Áurea, hermana de los santos Adolfo y Juan e hija de Artemia y de un árabe de origen linajudo sevillano, llevaba vida religiosa junto con su madre en el monasterio de Santa María de Cuteclara desde los primeros años del reinado de Abd al-Ralmran II (822-52). Su ascendencia de padre musulmán pero cristiana por formación materna le colocaba fuera de la legalidad islámica. Su familiares sevillanos se llegaron cierto día del año 856 a Córdoba para indagar la veracidad de los rumores que les habían llegado acerca de la vida cristiana de Áurea. Fingieron que le hacían una visita para saludarla, pero su intención era confirmar tales rumores. Con sorpresa vieron que no sólo era cristiana. Añadía a ello una ignominia más a su origen musulmán por su vida religiosa. Nada más comprobarlo la denunciaron al juez, quien ordenó de inmediato que se la llevara ante su tribunal. La trató benévolamente con el intento de hacerla recapacitar, dado su noble linaje musulmán, “envilecido con su servidumbre a la fe cristiana”, mancha que recaía sobre su familia. La invitó a “librarse cuanto antes de todas sus suciedades y recobrar el brillo del origen que había corrompido”. También la amenazó, en caso de negarse a ello, con que “después de varios tormentos de terrible mortificación […] sufrirás el suplicio de una muerte de lo más infame”. En un momento de debilidad y de aturdimiento, según le contaron a San Eulogio, Áurea cedió a las presiones del juez, lo que significaba la apostasía de su fe cristiana. De hecho, fue puesta en libertad sin ningún cargo, pero ella volvió al monasterio de Cuteclara donde “no .se apartó en absoluto de su propósito de la santa fe ni sufrió separarse de la compañía de los fieles” y deploraba con profundo sentimiento el error cometido.

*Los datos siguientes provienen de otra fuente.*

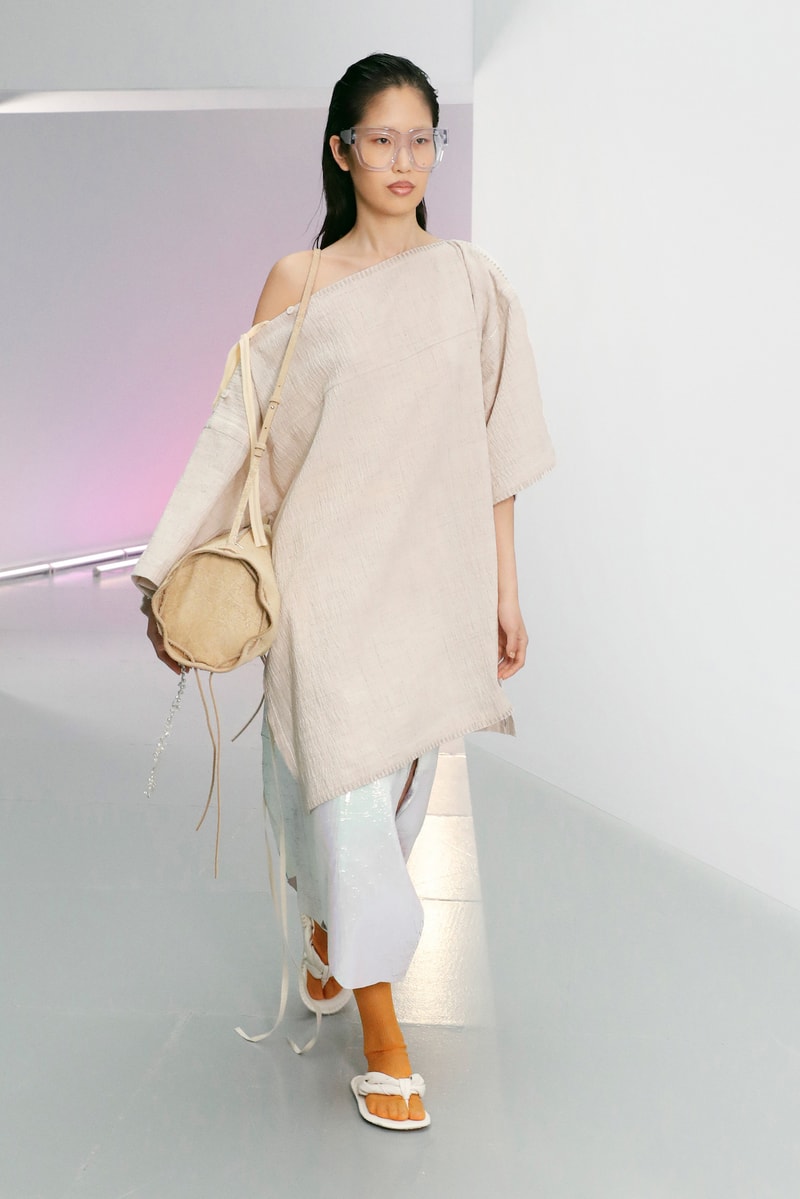 Acne Studios Spring/Summer 2021 Collection Show Paris Fashion Week Looks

Los musulmanes siguieron al acecho para asegurarse de la vuelta al Islam de Áurea y pudieron comprobar que seguía fiel a Cristo y a su doctrina. La mártir no ocultaba su condición y estilo de vida. Los espías la delataron ante el juez, quien ordenó que la trajeran ante él. “La reprendió por el desprecio del culto recién abrazado, la amenazó por el descuido del propósito prometido y le preguntó a voces por qué no había respetado el mandato de tan importante ley”.
“Nunca me he separado de Cristo, mi Dios, proclamó. Nunca me aparté de su piadosa religión. Nunca me uní un momento a vuestros sacrilegios, pese a que hace algún tiempo mi lengua sucumbiera ante ti por un error de mis palabras […]. Por ello, a pesar de haber caído de palabra en la trampa de la apostasía, no obstante llevaba mi corazón protegido con una viva perseverancia en la santa fe […]. Queda, pues, ahora que, conforme a la norma de vuestro impío culto, me castiguéis con espada vengadora o, si un hecho de este tipo puede pasar impune, me dejéis en adelante con toda libertad para unirme a Cristo mi Señor”.
Condenar a muerte a una descendiente de un árabe noble era un acto de mayor trascendencia del juez. Por eso, tras encarcelar a Áurea, puso el caso en conocimiento de Muhammad I. El emir no dudó en su resolución y ordenó que fuera pasada a cuchillo al día siguiente ‑19 de julio del 856‑ y se la colgara de un patíbulo, ocupado días antes por un asesino. Su cadáver fue arrojado al Guadalquivir junto con los de otros ladrones, condenados a muerte por sus delitos, y desapareció bajo las aguas. Con las noticias de su vida y martirio, San Eulogio cerró su obra titulada “Memorial de los santos”.
Fuente: Nieto Cumplido, Manuel, Córdoba: patrimonio de santidad, Córdoba 2004.